A couple of things that raise questions for me:

I have heard (no pun intended) that the higher pitch of a persons voice after inhaling helium is due to the gas being less dense than air and therefore sound is traveling faster through the helium and the pitch is raised.

Also the Doppler pitch shift effect where sound waves are compressed and/or lengthened as the source or listener are moving relative to each other, think of the pitch of a car or siren approaching and then passing by. The Doppler effect also describes the colour shift caused by light frequencies of stars coming toward or going away from us and therefore a way of understanding our position relative to other bodies in the universe.

I guess that in both these instances the pitch of the sound is transformed by the speed of sound, one by the density of the medium and the other by motion of the sound source relative to the listener.

The NASA article is more about volume and fall off of frequencies rather than pitch.

You’re absolutely correct wrt the Doppler effect, but note: in both the case for light and say a siren, the speed of the traveling wave is constant. Therefore if the wavelength is changed due to movement, the frequency must change inversely. You’d still hear a Doppler effect on Mars if something were moving quickly, but that isn’t the case so far here.

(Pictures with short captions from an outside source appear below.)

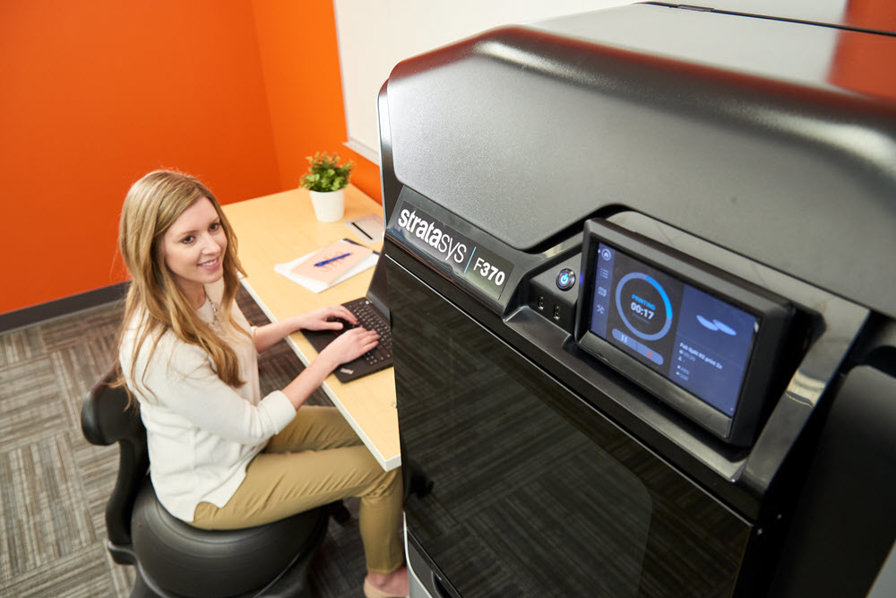 Employee using Stratasys F370 3D Printer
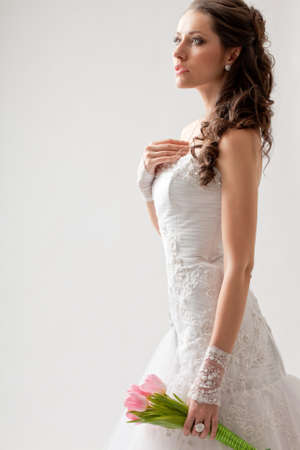 beautiful bride studio portrait with backlight, she turned sidewaysの写真素材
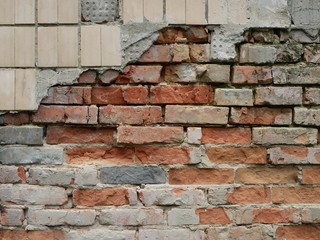 olonne / Ukraine - 06 August 2018: old brick wall with a tiled top
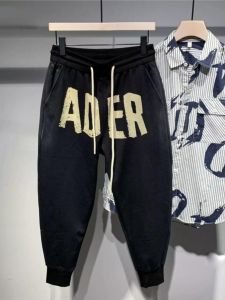 กางเกงวอร์มผู้ชายผ้าฝ้ายแท้ ทรงหลวม สำหรับฤดูใบไม้ร่วง/ฤดูหนาว กางเกงขายาวทรงหลวมพิมพ์ลายตัวอักษร Adhered ทรงหลวม กางเกงขายาวสเก็ตบอร์ด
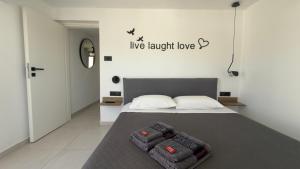 a bedroom with a bed with two pillows on it at Castelo View Luxury apt in Rhodes Town
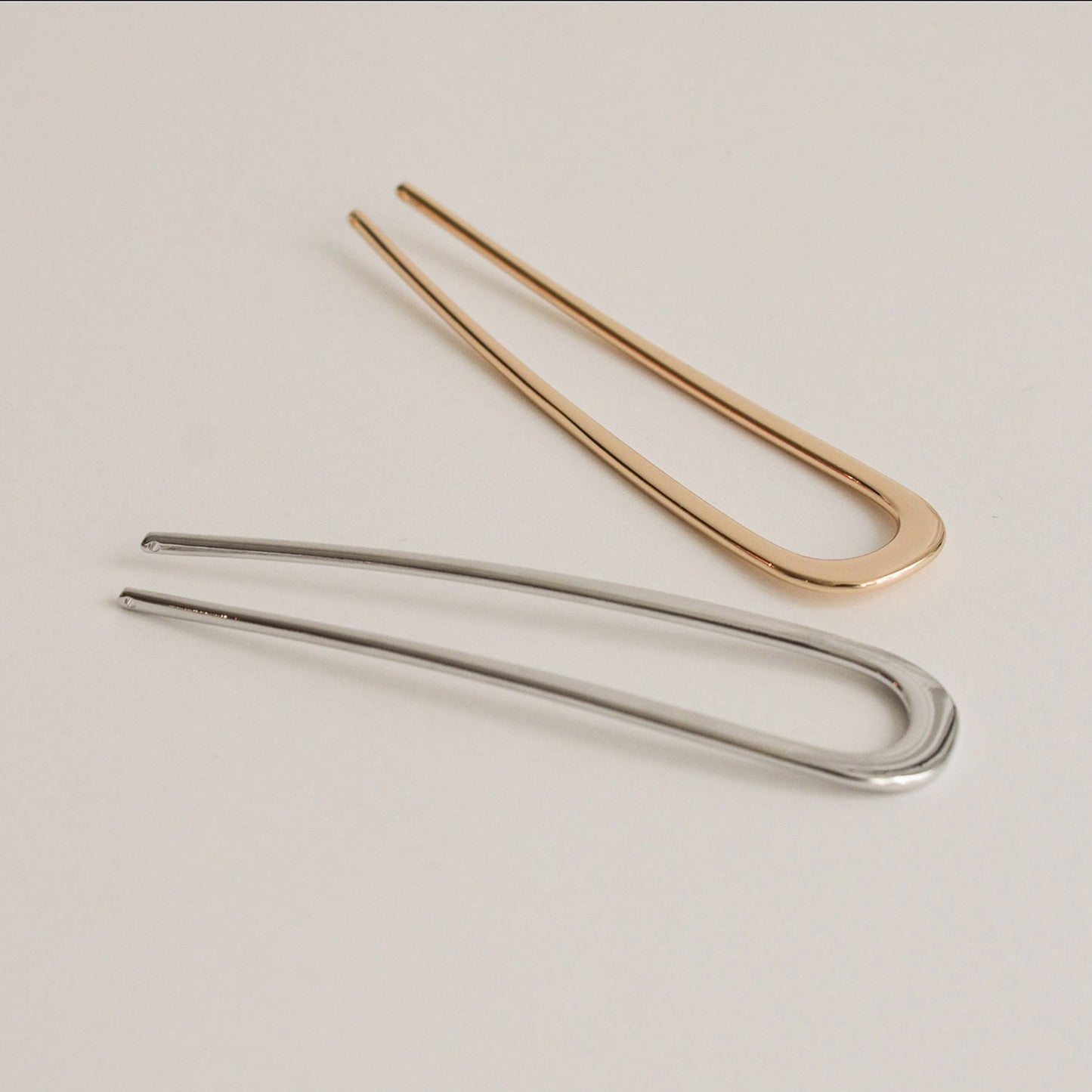 gold and silver u-shaped hair sticks made of alloy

For helium (or sulfur hexafluoride, the one that makes your voice sound super low), that does indeed affect the frequencies your vocal box generates, per the sound wave lengths you can generate being held constant (your vocal box doesn’t change in size depending on the fluid you’ve inhaled).

I should amend my previous comment: it depends on the source of sound. If the source depends on resonance of a medium (e.g. a voice box or acoustic guitar), it would theoretically sound higher, though your high-freq dropoff would still be significant. If the source is solely based on it’s own vibrational frequency (e.g. a tuning fork), no change in pitch but the high-freq dropoff still holds.